SWEDEN: Rising CO2 emissions add urgency to climate change plans

Despite Sweden's success in reducing certain greenhouse gas emissions, levels of CO2 have risen since 1990. The country's Kyoto target will only be met if policy and lifestyle changes come quickly.

“Huge changes are needed,” a Sweden EPA spokesperson told edie, discussing Sweden’s goal to keep CO2 emissions under control. “We are waiting on a government committee that will decide on our climate change measures.”

Preliminary data show that Sweden’s CO2 emissions have risen 3.7% from 1990 to 1998. The country is allowed a 4% increase in 1990 CO2 emissions under the Kyoto Protocol. This 4% increase must not be exceeded after the 2008-2012 period, meaning that Sweden needs to slow down its current CO2 emission increases quickly.

“Transport has been responsible for the increase,” acknowledged the EPA spokesperson. 40% of Sweden’s CO2 emissions now come from the transport sector.

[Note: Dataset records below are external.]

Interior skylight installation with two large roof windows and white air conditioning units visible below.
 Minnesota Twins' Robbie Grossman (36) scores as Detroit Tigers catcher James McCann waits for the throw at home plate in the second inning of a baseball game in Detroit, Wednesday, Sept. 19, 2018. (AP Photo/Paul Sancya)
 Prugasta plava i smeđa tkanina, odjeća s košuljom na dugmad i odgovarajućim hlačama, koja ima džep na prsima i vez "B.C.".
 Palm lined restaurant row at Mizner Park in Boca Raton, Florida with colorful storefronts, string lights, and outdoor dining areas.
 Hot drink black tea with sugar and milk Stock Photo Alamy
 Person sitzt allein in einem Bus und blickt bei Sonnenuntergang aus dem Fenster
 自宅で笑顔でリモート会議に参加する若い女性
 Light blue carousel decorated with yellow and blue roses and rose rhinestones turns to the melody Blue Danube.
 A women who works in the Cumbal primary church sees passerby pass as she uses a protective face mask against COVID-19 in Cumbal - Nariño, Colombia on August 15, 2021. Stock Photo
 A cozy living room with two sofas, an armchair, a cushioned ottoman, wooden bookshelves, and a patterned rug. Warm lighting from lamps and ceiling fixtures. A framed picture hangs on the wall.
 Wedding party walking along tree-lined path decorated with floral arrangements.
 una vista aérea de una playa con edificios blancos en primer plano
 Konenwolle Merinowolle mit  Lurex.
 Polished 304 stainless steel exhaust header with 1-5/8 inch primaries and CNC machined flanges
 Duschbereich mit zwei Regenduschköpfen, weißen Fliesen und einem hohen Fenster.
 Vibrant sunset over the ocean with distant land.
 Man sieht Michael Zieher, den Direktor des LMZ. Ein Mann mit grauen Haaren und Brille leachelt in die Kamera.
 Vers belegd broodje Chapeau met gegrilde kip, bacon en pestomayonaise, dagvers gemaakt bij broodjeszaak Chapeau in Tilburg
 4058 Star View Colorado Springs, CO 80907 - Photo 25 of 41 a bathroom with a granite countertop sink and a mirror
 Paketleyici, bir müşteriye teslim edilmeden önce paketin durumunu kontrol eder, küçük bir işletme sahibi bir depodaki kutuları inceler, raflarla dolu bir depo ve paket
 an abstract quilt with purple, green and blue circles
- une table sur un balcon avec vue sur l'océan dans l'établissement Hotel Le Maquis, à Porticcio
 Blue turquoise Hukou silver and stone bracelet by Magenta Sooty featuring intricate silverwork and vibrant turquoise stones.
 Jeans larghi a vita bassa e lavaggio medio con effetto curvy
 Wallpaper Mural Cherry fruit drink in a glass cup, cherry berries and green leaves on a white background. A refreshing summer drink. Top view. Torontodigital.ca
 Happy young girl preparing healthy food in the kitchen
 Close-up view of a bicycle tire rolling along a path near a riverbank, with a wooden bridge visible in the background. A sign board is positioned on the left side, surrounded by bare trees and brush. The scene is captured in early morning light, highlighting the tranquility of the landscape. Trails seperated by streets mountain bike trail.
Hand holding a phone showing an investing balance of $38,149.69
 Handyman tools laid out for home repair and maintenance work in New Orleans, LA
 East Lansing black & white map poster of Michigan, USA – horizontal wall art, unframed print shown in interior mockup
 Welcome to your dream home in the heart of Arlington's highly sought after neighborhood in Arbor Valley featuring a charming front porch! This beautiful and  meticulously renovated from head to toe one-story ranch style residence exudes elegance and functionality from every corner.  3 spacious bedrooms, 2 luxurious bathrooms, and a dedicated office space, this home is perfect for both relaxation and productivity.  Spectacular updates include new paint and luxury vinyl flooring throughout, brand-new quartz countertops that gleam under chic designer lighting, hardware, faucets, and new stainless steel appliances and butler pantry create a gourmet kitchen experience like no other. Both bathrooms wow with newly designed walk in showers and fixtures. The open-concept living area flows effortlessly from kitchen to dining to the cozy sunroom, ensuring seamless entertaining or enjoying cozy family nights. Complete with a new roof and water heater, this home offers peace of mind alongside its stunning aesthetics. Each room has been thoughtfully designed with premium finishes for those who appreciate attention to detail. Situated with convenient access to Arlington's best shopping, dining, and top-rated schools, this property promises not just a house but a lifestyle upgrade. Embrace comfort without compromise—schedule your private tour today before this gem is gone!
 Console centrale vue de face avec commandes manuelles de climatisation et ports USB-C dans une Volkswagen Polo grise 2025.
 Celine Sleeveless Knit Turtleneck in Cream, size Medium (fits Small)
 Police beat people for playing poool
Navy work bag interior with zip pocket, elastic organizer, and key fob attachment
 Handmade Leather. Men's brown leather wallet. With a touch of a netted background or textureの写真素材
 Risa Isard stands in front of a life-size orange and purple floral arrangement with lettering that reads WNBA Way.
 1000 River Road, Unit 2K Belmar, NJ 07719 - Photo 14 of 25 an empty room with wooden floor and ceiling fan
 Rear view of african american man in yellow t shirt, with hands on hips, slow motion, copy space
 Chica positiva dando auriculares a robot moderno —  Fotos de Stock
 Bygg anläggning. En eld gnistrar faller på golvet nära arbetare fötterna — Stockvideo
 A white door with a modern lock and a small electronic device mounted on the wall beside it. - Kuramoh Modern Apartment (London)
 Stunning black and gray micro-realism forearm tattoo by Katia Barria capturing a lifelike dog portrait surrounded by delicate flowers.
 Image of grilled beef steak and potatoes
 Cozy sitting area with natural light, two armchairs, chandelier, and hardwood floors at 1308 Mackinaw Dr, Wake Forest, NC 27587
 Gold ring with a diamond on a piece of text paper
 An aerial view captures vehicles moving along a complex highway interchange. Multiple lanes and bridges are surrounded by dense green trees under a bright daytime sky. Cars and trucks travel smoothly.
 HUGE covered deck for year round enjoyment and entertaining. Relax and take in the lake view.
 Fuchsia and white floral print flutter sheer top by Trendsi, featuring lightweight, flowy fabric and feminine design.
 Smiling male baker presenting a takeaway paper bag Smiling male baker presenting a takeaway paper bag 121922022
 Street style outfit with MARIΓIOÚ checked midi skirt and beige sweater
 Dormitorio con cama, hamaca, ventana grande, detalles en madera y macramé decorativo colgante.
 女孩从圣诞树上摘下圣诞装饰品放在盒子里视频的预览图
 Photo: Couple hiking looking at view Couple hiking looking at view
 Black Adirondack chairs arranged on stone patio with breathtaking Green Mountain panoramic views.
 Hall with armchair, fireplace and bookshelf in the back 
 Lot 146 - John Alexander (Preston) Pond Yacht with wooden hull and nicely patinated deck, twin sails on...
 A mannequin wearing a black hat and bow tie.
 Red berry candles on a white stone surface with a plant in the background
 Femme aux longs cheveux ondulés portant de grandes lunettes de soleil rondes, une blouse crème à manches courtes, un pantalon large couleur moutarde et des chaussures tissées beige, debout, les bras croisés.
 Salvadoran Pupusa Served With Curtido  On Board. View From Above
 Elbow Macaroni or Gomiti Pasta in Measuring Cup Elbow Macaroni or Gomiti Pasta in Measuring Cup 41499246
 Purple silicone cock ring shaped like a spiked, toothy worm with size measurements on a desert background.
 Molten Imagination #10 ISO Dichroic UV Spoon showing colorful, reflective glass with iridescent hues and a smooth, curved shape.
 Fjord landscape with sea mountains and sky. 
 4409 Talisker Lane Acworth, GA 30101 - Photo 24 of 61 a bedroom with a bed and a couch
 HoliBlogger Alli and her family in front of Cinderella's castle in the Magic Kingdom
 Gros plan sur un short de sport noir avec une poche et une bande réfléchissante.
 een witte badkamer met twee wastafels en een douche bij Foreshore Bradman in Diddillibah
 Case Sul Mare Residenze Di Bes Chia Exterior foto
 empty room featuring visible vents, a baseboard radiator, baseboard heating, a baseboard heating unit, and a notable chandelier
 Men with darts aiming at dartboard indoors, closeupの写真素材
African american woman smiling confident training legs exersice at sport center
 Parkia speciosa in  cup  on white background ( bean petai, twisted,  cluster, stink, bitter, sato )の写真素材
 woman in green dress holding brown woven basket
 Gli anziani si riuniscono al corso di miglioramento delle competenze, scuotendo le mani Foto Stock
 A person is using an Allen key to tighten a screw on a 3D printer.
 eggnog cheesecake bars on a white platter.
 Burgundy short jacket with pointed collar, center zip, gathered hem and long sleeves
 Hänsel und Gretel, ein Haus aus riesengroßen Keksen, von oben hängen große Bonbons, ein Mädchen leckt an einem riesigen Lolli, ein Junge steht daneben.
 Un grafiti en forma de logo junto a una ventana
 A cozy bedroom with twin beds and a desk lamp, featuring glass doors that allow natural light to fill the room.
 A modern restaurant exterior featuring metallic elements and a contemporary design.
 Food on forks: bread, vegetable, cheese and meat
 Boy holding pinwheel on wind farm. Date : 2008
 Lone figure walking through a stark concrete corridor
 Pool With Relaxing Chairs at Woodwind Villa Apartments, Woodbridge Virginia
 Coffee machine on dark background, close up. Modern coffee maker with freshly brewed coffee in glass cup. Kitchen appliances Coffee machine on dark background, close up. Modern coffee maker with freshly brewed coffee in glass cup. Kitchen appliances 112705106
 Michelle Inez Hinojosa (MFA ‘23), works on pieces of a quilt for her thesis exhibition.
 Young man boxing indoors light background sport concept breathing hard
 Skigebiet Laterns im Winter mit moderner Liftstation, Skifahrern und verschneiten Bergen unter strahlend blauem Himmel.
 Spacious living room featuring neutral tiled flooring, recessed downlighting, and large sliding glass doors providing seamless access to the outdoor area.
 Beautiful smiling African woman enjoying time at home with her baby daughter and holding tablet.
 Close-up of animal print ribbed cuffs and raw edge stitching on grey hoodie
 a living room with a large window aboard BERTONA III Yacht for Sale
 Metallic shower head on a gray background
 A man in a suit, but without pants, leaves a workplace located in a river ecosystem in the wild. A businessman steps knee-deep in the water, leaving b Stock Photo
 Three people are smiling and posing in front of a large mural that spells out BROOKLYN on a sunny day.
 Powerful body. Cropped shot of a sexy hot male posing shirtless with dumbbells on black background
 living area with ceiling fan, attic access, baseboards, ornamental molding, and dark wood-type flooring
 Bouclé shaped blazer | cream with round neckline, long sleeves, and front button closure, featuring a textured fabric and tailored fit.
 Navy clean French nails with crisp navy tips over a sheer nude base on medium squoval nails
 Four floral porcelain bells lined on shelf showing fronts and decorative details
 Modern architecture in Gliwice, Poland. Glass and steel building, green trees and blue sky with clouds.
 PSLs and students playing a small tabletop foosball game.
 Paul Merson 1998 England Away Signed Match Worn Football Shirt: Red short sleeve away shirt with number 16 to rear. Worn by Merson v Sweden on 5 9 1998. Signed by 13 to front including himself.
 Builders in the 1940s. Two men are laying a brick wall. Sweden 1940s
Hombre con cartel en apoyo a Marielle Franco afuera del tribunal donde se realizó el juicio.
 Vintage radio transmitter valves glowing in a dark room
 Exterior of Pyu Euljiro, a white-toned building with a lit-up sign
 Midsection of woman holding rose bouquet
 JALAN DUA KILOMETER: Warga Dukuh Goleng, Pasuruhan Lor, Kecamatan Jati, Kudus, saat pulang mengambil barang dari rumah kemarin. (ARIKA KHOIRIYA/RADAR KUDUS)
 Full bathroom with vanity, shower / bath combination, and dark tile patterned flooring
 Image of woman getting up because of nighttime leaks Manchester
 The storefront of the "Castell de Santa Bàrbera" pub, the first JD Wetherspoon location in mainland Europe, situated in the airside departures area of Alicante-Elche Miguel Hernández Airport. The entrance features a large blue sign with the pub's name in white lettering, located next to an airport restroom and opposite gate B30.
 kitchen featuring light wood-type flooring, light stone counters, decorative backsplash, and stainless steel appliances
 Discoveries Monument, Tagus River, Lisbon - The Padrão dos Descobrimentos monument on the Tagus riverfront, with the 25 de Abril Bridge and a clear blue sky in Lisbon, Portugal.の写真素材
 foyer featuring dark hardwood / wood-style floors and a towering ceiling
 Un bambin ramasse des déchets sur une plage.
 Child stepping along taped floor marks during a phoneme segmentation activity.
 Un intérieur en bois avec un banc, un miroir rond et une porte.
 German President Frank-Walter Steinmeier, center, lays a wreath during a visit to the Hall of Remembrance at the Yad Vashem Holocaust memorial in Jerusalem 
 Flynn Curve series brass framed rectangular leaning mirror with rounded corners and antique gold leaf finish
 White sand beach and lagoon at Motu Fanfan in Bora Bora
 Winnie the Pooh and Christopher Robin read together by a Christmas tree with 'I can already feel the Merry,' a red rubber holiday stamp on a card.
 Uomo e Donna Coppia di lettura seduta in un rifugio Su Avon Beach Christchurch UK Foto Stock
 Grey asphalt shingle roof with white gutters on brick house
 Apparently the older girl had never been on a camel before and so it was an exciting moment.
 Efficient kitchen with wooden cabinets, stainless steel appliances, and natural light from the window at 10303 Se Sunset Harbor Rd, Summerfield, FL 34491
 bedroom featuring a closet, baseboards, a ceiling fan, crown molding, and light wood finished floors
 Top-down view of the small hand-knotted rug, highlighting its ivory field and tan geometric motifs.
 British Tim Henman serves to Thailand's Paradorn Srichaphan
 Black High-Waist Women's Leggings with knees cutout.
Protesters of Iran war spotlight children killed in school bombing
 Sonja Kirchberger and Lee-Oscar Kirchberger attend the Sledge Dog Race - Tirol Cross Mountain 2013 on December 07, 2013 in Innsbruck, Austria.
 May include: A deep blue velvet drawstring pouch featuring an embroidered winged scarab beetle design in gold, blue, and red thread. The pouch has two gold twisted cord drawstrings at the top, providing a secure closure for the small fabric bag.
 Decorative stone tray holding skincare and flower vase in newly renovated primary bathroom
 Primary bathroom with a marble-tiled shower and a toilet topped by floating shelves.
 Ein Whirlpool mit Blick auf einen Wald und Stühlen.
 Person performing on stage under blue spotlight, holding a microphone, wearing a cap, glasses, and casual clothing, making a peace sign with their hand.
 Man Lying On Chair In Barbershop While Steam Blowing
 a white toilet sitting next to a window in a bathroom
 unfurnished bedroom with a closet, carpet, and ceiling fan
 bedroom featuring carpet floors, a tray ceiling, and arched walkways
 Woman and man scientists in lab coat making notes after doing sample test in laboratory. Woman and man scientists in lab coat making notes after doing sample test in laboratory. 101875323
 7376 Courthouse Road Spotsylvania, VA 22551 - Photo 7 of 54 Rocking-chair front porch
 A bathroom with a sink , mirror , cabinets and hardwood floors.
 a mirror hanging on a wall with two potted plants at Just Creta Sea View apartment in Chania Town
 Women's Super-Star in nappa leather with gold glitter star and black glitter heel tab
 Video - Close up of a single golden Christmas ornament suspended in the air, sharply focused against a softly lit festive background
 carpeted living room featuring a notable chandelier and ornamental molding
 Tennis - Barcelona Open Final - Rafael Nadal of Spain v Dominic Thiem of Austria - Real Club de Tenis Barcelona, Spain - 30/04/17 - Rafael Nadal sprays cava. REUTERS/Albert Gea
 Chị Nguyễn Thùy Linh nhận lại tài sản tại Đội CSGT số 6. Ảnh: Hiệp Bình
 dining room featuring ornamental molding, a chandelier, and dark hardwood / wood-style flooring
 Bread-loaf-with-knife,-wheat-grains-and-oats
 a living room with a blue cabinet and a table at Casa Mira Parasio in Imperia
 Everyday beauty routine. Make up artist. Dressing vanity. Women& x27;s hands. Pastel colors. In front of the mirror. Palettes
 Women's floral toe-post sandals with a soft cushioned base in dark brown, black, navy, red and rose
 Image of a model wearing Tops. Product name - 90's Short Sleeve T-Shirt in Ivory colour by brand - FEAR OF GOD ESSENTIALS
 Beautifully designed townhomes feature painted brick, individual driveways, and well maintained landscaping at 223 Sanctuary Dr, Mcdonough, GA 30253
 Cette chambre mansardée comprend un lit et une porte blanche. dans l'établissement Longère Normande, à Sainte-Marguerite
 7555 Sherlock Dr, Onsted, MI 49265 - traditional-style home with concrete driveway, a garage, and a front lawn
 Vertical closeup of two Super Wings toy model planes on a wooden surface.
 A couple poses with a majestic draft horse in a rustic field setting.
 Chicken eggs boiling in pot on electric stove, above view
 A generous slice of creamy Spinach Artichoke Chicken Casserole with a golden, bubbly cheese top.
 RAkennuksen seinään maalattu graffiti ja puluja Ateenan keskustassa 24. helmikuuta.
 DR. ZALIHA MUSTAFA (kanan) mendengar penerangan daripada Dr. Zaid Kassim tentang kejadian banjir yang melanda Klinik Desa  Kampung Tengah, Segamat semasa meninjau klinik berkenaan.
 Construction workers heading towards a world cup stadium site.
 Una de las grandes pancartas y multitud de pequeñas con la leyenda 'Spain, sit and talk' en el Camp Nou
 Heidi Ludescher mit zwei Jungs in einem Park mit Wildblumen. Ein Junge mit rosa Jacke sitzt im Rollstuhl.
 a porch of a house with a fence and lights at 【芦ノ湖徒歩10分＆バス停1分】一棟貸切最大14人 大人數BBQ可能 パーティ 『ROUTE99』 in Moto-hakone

In addition, Sweden is committed to phasing out nuclear energy, without increases in greenhouse gas emissions. It’s a tall order. The EPA spokesperson believes it’s all possible if the right political decisions are taken to allow for profound changes in lifestyle. “We’ve succeeded with sulphur dioxide and we’re reducing nitrogen oxide emissions,” said the spokesperson. “Sulphur dioxide emissions have dropped to 48,000 tonnes in 1998. “That’s very low. It used to be about 200,000 in the 80s.”